/hunalign

Sentence aligner

Primary LanguageC++GNU Lesser General Public License v3.0LGPL-3.0

This is a fork of The hunalign sentence aligner.

To create a huge Japanese-English bilingual corpose from wikipedia, I'm modifying this Hunalign, since different from other potential web sources, a lot of wikipedia corpos in Japanese were just translated from English Wikipedia corpos, and the sentences correspond the original English in original order.

The difference from the original Hunalign:

  • Use "Sentence-order score", in addition to "token-based similarity score" and "sentence-length" score to make sure the closer sentence in terms of order in source/target sentence should have higher score.
  • Add higher scores to "previous sentences" than "following sentences", since in general, Japanese article is shorter than English one, and the it is less likely that if we have try to align t-th japanese sentece to t-nth English sentence(n > 5 or more)

The hunalign sentence aligner

Introduction

hunalign aligns bilingual text on the sentence level. Its input is tokenized and sentence-segmented text in two languages. In the simplest case, its output is a sequence of bilingual sentence pairs (bisentences).

In the presence of a dictionary, hunalign uses it, combining this information with Gale-Church sentence-length information. In the absence of a dictionary, it first falls back to sentence-length information, and then builds an automatic dictionary based on this alignment. Then it realigns the text in a second pass, using the automatic dictionary.

Like most sentence aligners, hunalign does not deal with changes of sentence order: it is unable to come up with crossing alignments, i.e., segments A and B in one language corresponding to segments B' A' in the other language.

There is nothing Hungarian-specific in hunalign, the name simply reflects the fact that it is part of the hun* NLP toolchain.

hunalign was written in portable C++. It can be built under basically any kind of operating system.

Download

Hunalign source code package:

ftp://ftp.mokk.bme.hu/Hunglish/src/hunalign/latest/hunalign-1.1.tgz

You can browse this package online here:

ftp://ftp.mokk.bme.hu/Hunglish/src/hunalign/latest/hunalign-1.1/

For convenience, precompiled Windows binaries are provided here:

ftp://ftp.mokk.bme.hu/Hunglish/src/hunalign/latest/hunalign-1.1-windows.zip

Note that this is not a complete hunalign distribution, just the Windows binaries alone.
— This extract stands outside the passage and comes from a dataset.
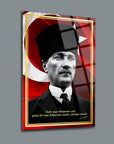 Atatürk 245 Cam Tablo featuring a portrait of Atatürk with a Turkish flag background.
The source package is still a recommended download, complementing the binaries with offline documentation, language resources and additional tools.

Build

Build under Linux/Unix/Mac OS X:

tar zxvf hunalign-1.1.tgz
cd hunalign-1.1/src/hunalign
make

The make yields a single application binary src/hunalign/hunalign .

Build under Windows:

As already noted, precompiled Windows binaries are provided. But it is easy to build from source under Windows, too. With CYGWIN installed, make should work. Using MSVC++, just create a project with the src/hunalign/*.cpp and src/utils/*.cpp files in it, excluding the obsolete src/hunalign/DOMTreeErrorReporter.cpp src/hunalign/similarityEvaluator.cpp and src/hunalign/TEIReader.cpp source files. The src/include directory must be in the include path.

Basic usage

Let us assume that you are in the toplevel directory (where this readme file resides). All referenced files are meant relative to this directory. If you use the precompiled Windows binaries, copy them here from their directory.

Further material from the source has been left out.